Pour Clément Sawadogo, « c’est une question fortement préjudicielle sur l’évolution générale du monde du travail, mais elle est aussi liée à l’évolution de l’économie. Plus l’économie se développe, plus le tissu de la production s’organise et moins l’économie est informelle. L’OIT aborde la question sous l’angle de comment on va pouvoir mieux organiser les segments de production informelle pour y garantir un minimum de travail décent, mais à vrai dire, c’est une question qui va au-delà et qui se pose en terme d’évolution économique. Donc c’est une question qui est posée au niveau de l’OIT mais qui va au delà et dont la solution ne peut pas être trouvée intrinsèquement au niveau de l’OIT, mais en tant qu’acteurs et régulateurs du monde du travail, nous avons l’obligation de voir quelles opportunités nous pouvons saisir pour mieux contribuer a organiser ce secteur informel et pour mieux régir les rapports de travail entre employeurs et employés de l’économie informelle ».

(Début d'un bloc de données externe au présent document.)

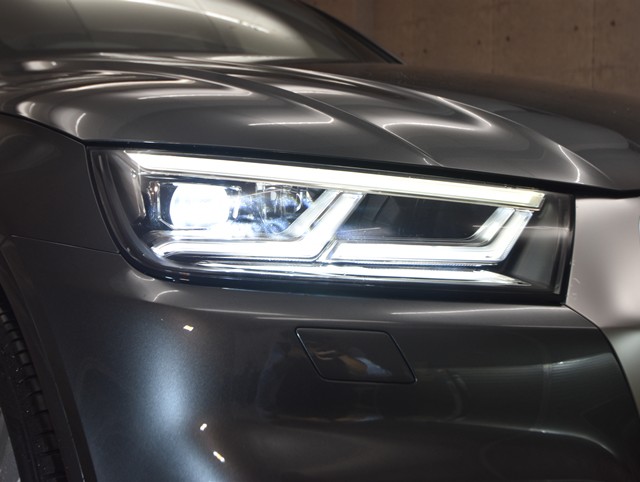 アウディ Q515枚目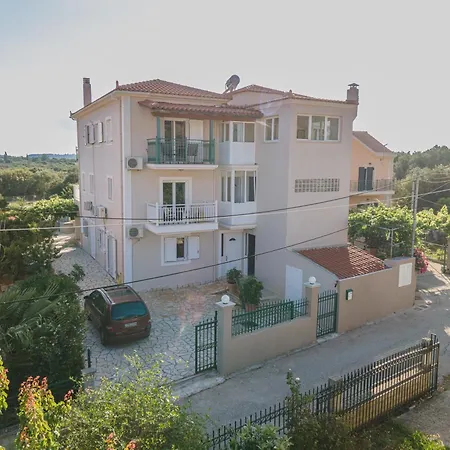 Apartment Dimitra's House *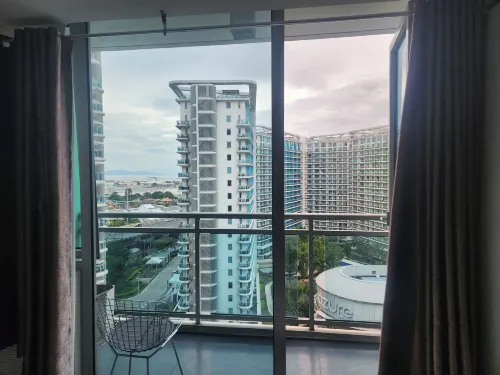 Azure Staycation Philippines by AMRS Near Manila International Airport Rooms Photos
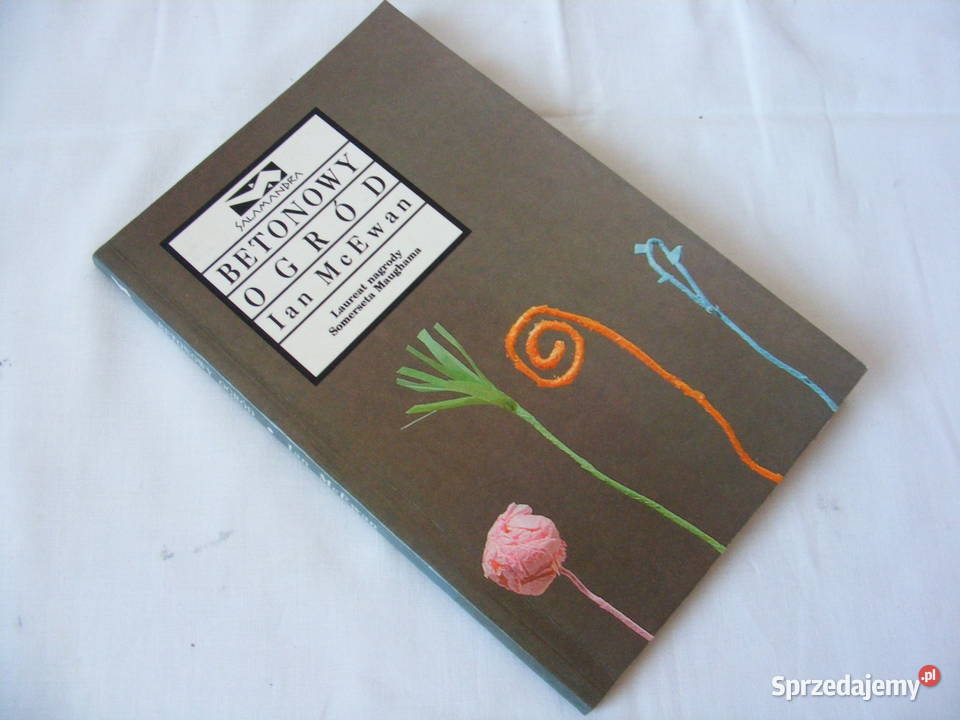 Dom na Sekwanie Betonowy ogród Martin Dressler Rok wydania 1996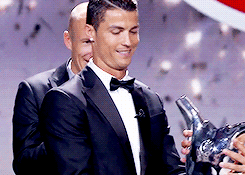 c罗 世界杯 足球 奖杯 颁奖 晚会 开心 Cristiano Ronaldo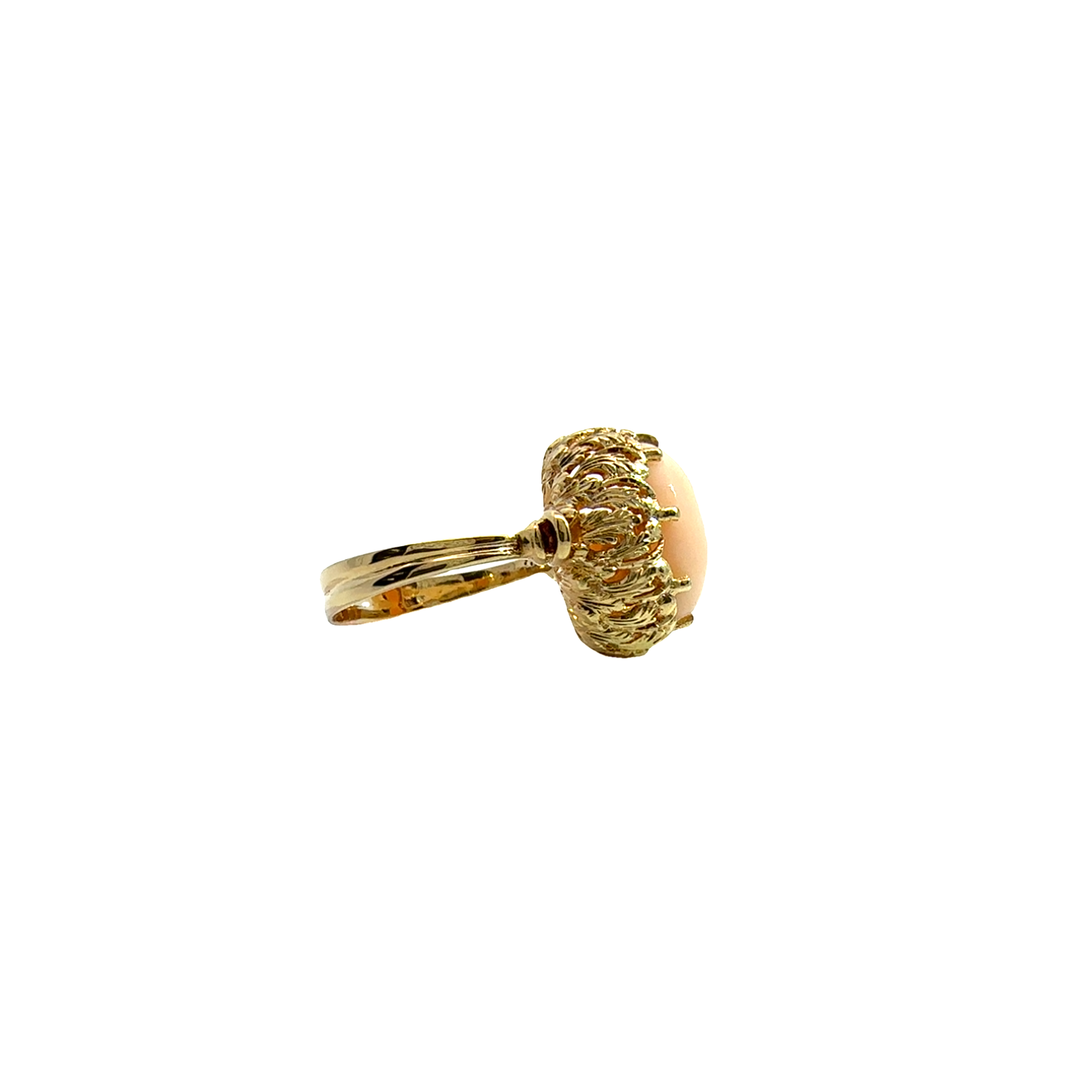 Vintage 18k Yellow Gold Angel Skin Coral Ring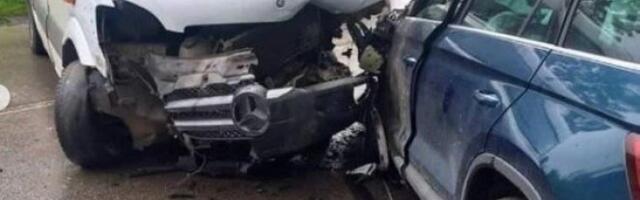 KARAMBOL U ORAŠCU KOD ARANĐELOVCA: Direktar sudar kombija za prevoz pošte i džipa (FOTO)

Pour ce qui est du monde rural qui représente la majorité des travailleurs dans les pays africains, la décence du travail est également une quête. Le ministre Sawadogo pense que la solution passe par une amélioration des conditions de travail du monde paysan. « Cela suppose, estime t-il, qu’on puisse les doter de moyens de travail plus performants, notamment par la mécanisation agricole, une modernisation de l’outil de production, une optimisation des rendements. Mais en plus de tout cela, il faut former les paysans pour que la combinaison de leurs propres capacités et le fait de pouvoir disposer de matériel plus performant permette de faire évoluer l’activité agricole de type traditionnelle, rudimentaire et archaïque vers une activité beaucoup plus moderne et plus organisée. A ce moment, ce travail deviendra beaucoup plus décent en ce qu’il procure de meilleurs revenus et améliore les conditions de travail physique du paysan ».

Le débat sur le travail décent qui figure à l’agenda des rencontres de l’OIT depuis plusieurs années n’est donc pas près d’en sortir. L’organisation qui défend le travailleur mais aussi l’employeur continuera la discussion avec toutes les parties.

« L’OIT est par excellence une organisation tripartite qui réunit à la fois les représentants des gouvernements, des travailleurs et des employeurs. C’est une obligation que les décisions soient prises sur la base d’un consensus trouvé au sein de ce tripartisme », affirme Clément Sawadogo.